[DATA EXCERPTS]

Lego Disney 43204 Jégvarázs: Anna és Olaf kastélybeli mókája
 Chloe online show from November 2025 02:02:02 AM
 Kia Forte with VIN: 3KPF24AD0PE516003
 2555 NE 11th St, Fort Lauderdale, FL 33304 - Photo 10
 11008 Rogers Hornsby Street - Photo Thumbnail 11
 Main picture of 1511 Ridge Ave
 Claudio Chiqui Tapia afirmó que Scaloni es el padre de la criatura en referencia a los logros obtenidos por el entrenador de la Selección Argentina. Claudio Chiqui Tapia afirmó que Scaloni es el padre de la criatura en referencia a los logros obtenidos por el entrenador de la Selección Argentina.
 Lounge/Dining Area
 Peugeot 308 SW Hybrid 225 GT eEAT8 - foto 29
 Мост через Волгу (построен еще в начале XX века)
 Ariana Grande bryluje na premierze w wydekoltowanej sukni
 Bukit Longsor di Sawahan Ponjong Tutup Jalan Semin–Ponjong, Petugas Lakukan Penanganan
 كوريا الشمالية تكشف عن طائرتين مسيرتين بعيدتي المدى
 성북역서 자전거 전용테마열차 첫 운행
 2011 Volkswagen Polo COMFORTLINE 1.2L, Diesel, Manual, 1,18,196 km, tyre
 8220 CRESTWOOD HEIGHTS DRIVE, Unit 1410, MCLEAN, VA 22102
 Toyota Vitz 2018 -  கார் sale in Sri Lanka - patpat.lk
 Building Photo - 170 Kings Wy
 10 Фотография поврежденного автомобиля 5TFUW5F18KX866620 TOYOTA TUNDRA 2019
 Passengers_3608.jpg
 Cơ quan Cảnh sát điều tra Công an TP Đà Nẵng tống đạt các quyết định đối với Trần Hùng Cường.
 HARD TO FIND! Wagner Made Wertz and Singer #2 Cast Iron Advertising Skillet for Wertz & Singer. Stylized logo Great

[/DATA EXCERPTS]

▶ ASSIGNMENT:
All of the entries above, written out exactly, make up the reply.

▶ SOLUTION FOR THIS PROBLEM:
Lego Disney 43204 Jégvarázs: Anna és Olaf kastélybeli mókája
 Chloe online show from November 2025 02:02:02 AM
 Kia Forte with VIN: 3KPF24AD0PE516003
 2555 NE 11th St, Fort Lauderdale, FL 33304 - Photo 10
 11008 Rogers Hornsby Street - Photo Thumbnail 11
 Main picture of 1511 Ridge Ave
 Claudio Chiqui Tapia afirmó que Scaloni es el padre de la criatura en referencia a los logros obtenidos por el entrenador de la Selección Argentina. Claudio Chiqui Tapia afirmó que Scaloni es el padre de la criatura en referencia a los logros obtenidos por el entrenador de la Selección Argentina.
 Lounge/Dining Area
 Peugeot 308 SW Hybrid 225 GT eEAT8 - foto 29
 Мост через Волгу (построен еще в начале XX века)
 Ariana Grande bryluje na premierze w wydekoltowanej sukni
 Bukit Longsor di Sawahan Ponjong Tutup Jalan Semin–Ponjong, Petugas Lakukan Penanganan
 كوريا الشمالية تكشف عن طائرتين مسيرتين بعيدتي المدى
 성북역서 자전거 전용테마열차 첫 운행
 2011 Volkswagen Polo COMFORTLINE 1.2L, Diesel, Manual, 1,18,196 km, tyre
 8220 CRESTWOOD HEIGHTS DRIVE, Unit 1410, MCLEAN, VA 22102
 Toyota Vitz 2018 -  கார் sale in Sri Lanka - patpat.lk
 Building Photo - 170 Kings Wy
 10 Фотография поврежденного автомобиля 5TFUW5F18KX866620 TOYOTA TUNDRA 2019
 Passengers_3608.jpg
 Cơ quan Cảnh sát điều tra Công an TP Đà Nẵng tống đạt các quyết định đối với Trần Hùng Cường.
 HARD TO FIND! Wagner Made Wertz and Singer #2 Cast Iron Advertising Skillet for Wertz & Singer. Stylized logo Great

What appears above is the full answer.